[Captioned web images]
▼

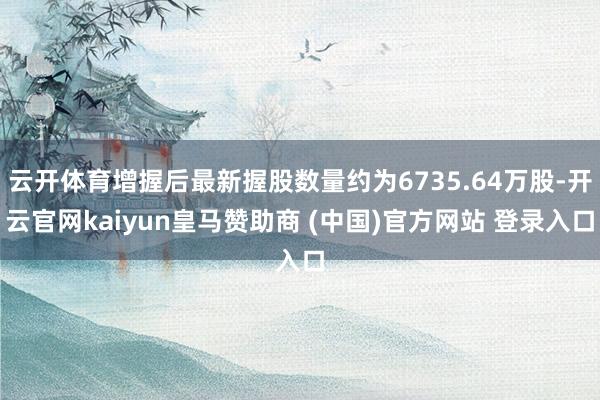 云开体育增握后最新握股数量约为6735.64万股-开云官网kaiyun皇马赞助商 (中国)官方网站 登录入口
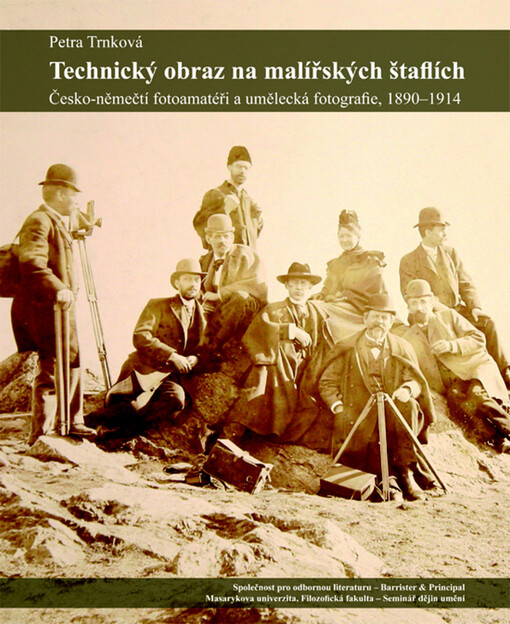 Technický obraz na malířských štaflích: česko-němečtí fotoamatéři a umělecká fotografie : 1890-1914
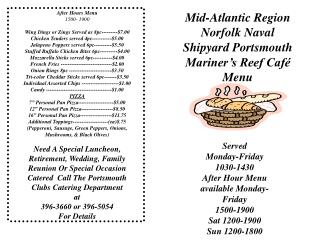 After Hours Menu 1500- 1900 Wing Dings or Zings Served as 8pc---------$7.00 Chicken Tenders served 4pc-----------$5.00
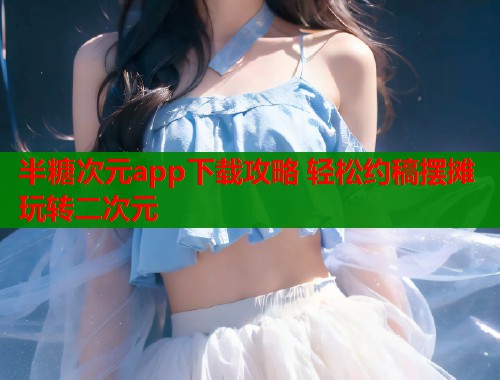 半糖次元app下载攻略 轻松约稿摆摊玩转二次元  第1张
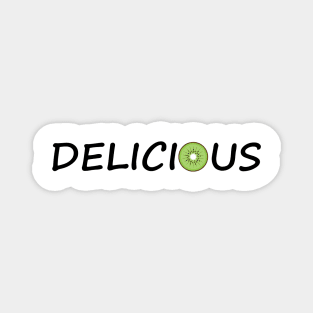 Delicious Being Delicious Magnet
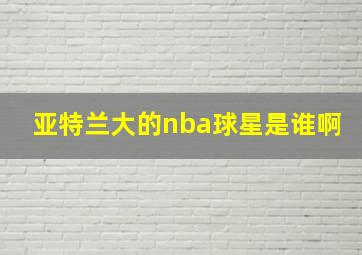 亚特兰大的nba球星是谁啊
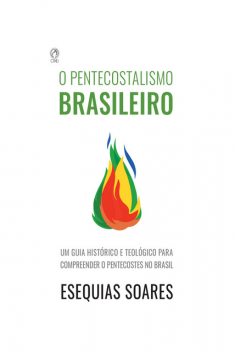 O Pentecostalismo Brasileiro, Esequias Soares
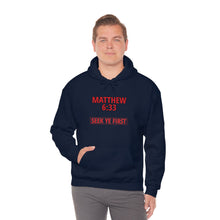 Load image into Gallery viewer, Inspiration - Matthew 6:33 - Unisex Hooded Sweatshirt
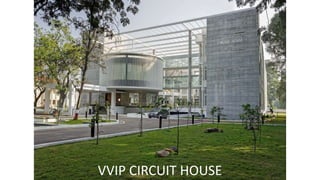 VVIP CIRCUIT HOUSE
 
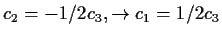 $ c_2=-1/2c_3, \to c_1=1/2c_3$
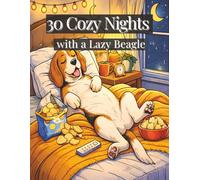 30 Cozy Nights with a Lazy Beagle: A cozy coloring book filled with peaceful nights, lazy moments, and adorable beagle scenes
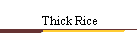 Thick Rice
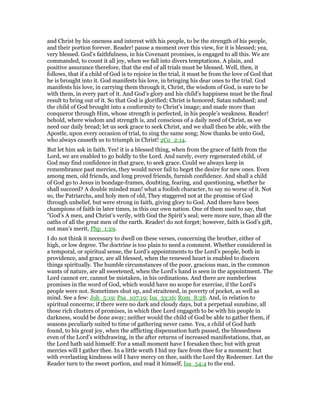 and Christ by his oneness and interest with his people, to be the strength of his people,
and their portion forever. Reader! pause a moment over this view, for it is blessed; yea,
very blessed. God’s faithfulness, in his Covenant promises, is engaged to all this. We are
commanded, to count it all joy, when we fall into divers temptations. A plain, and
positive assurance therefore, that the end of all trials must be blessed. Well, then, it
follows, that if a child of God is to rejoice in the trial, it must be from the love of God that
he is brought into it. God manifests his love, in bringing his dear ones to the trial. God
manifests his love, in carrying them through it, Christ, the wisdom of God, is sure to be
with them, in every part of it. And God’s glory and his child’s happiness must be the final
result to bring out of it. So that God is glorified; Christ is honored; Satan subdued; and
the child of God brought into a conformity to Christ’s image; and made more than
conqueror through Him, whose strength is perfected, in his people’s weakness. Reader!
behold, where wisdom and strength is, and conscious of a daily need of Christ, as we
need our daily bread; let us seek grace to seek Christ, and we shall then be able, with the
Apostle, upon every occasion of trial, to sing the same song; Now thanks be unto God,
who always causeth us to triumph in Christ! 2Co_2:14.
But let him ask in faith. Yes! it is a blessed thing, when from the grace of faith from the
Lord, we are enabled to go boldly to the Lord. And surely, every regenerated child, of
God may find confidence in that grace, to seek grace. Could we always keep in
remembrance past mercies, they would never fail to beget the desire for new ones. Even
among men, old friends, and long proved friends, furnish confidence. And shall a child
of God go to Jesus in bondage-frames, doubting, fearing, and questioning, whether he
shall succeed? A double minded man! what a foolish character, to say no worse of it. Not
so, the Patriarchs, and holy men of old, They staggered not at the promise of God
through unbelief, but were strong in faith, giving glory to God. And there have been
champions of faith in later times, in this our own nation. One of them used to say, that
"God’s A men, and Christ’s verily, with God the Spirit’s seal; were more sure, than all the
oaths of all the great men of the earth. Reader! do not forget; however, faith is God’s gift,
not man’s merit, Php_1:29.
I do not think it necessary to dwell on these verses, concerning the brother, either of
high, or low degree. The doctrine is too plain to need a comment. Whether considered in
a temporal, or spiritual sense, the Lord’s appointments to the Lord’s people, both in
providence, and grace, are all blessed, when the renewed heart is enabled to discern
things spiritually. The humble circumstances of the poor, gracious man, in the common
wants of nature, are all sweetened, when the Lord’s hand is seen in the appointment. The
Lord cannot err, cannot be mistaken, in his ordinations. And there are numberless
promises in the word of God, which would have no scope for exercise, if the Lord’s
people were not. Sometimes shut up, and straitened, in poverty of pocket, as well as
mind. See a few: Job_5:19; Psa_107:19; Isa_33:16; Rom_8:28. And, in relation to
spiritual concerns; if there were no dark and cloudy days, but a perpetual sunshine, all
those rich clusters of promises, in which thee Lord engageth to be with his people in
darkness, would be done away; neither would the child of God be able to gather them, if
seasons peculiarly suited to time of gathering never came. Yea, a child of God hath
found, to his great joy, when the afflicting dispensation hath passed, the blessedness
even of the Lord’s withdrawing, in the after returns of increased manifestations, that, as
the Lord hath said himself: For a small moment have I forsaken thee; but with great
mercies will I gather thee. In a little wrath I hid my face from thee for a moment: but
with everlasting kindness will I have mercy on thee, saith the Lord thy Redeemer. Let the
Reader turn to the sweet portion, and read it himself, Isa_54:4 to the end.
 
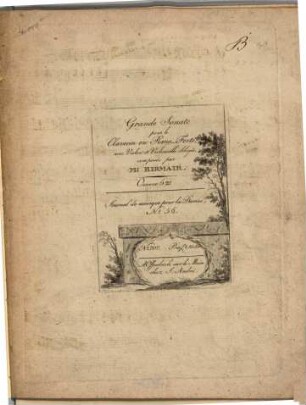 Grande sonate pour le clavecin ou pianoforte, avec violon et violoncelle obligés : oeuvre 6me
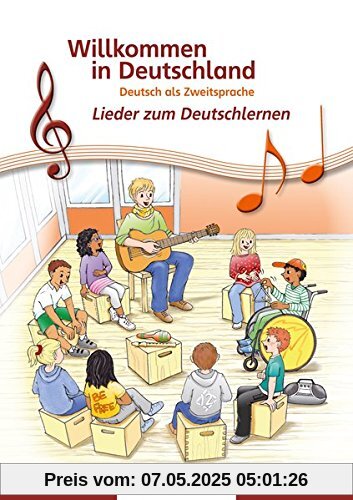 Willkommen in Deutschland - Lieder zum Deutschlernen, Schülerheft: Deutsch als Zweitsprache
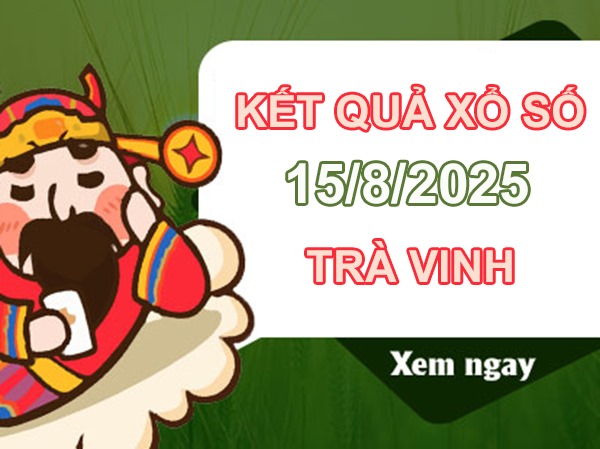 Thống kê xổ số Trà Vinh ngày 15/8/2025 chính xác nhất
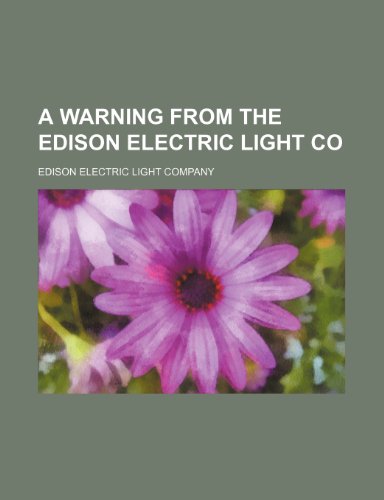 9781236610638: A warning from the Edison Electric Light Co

▲

All that is wanted is a faithful reproduction of the line above with "not man’s merit, Php_1:29.", the line with "high, or low", and every line in between.

Solution below:
not man’s merit, Php_1:29.
I do not think it necessary to dwell on these verses, concerning the brother, either of
high, or low degree. The doctrine is too plain to need a comment. Whether considered in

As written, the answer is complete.